Radio Mirror took a tour through the Benny house on Roxbury and published its findings in the April 1940 edition. These poorly-scanned photos accompanied the story.
House of Laughter
OF course, it's just a "tumble-down shack," the Benny house on Roxbury Drive in Beverly Hills, California, or so Jack says. Just a modest little grey home in the West. Even if you remind Jack of its Venetian chandeliers, inch-thick carpets, movie projection room, five bathrooms, two bars and real Battenburg lace piano cover, he insists those were Mary's ideas, not his. As star of his new Paramount picture, the rip-roaring "Buck Benny Rides Again," he could hardly admit that he likes such fripperies. Then, you say what about his mirrored dressing room, his antique mahogany highboy and his fourposter bed, whereupon he grins and says, what the heck, a guy's gotta have a half-way decent place to live in, and shows you all around, pleased as punch with the house and with himself for building it.
Well, it is something!

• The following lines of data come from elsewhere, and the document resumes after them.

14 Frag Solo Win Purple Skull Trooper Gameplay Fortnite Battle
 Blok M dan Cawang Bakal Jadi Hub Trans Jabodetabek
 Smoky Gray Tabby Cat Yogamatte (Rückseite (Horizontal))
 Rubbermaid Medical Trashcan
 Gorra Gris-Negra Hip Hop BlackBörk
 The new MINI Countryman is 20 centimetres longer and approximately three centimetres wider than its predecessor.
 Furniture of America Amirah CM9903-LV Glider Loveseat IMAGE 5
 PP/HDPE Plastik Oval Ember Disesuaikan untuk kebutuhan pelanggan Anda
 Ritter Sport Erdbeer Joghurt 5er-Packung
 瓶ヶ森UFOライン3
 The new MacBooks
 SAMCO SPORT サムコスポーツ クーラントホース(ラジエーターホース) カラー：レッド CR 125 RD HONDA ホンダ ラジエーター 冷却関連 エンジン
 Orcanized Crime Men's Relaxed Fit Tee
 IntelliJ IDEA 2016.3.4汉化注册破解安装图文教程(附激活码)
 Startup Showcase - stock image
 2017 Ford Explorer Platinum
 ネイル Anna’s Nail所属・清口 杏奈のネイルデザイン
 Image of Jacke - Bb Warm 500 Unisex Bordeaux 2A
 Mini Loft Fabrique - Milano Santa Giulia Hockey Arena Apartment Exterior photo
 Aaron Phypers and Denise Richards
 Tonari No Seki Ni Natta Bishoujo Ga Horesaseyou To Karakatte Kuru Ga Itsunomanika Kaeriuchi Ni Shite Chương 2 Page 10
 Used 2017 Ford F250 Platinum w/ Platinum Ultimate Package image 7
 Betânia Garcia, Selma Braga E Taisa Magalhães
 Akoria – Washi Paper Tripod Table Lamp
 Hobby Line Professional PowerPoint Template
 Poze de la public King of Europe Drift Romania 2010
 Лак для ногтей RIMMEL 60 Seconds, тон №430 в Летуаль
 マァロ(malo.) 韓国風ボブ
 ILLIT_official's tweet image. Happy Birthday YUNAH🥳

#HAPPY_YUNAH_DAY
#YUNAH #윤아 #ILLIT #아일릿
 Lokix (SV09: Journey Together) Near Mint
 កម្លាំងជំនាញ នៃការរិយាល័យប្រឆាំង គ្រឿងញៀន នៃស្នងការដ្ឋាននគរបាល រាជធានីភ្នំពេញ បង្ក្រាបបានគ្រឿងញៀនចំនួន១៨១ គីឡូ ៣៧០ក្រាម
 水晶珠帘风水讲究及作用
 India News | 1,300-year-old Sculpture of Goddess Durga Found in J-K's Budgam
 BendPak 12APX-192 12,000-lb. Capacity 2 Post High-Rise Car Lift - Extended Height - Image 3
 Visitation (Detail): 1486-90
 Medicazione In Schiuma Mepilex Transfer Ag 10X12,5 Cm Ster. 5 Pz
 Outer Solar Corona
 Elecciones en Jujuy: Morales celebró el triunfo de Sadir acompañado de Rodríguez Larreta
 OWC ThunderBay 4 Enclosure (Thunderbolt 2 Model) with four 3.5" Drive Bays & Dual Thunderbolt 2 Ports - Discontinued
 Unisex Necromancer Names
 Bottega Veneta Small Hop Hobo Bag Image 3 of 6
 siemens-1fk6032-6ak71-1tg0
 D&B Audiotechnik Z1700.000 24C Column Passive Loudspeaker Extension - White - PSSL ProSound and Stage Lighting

White French Provençal set in the middle of an acre or more of ground with a swell green lawn in front; mammoth patio, swimming pool and rose garden in the back. And from the moment you enter the spacious, circular hall, papered in gray, canopied by a gorgeous chandelier fully ten feet long and sentinelled by a beautiful grandfather's clock, you realize you are in not only a house but a home.
The drawing room (Jack won't call it that, but Mary does) is done in soft rose beige tones with harmonizing satin-striped wall paper. The carpet is beige, the drapes beige and apple green satin brocade and most of the furniture is antique with beige and apple green coverings. But here and there a scarlet chair or cushion provides a bright color accent.
Back of the drawing room is the playroom, a gay, homey place with corner seats upholstered in scarlet or green, pool, card and backgammon tables scattered conveniently about, and a projection room opening off one end, its door cunningly concealed by two large pictures.
The very formal beige and brown dining room opens on a gay little chintz hung breakfast room, where Jack and Mary and Baby Joan eat when there isn't any "company." The library is a comfortable room with a blue Oriental rug on the floor, shelves full of books that look as though they have been read, and a handsome desk which Jack says is too fancy for any real transaction of business. Several secret closets, tucked away behind movable book shelves, were when we viewed them stuffed full of Santa Claus' Christmas presents for Joan.
Upstairs you'll find Mary's bedroom. It is very luxurious, decorated in the same quiet beige shades as the drawing room, but her dressing room, as big as some people's living rooms, is a gorgeous affair of mirrors and crystal fittings. Across a little hall, Jack's bedroom, dominated by the simply huge highboy we mentioned and his equally huge four-poster, is a pleasingly masculine room done in browns and tans, with leather upholstered chairs and even a leather upholstered chaise longue. And, yes, Jack's dressing room is lined with mirrors, though he vows he never looks in any of them—well, hardly ever!
Upstairs there is also a gay nursery for Joan and beyond that a sun deck built especially for her. There is a guest room, too, a pretty, quaint apartment complete with dressing room and bath.
The playhouse, a separate building beyond the swimming pool, has another big bar, more card and game tables, a barbecue pit and dressing rooms for swimmers. The furnishings are done in scarlet and green.
There are several other things, too, about the Benny house which make it quite complete—things like huge servants' quarters, fireplaces in every room except the dining room and kitchen, a mammoth butler's pantry (well stocked with jello) and a perfectly ducky powder room on the first floor.
All in all, the house that Jack Benny built is something to be proud of—and who wouldn't be with a charming wife like Mary and a beautiful adopted daughter like Joan to share his long cherished dream?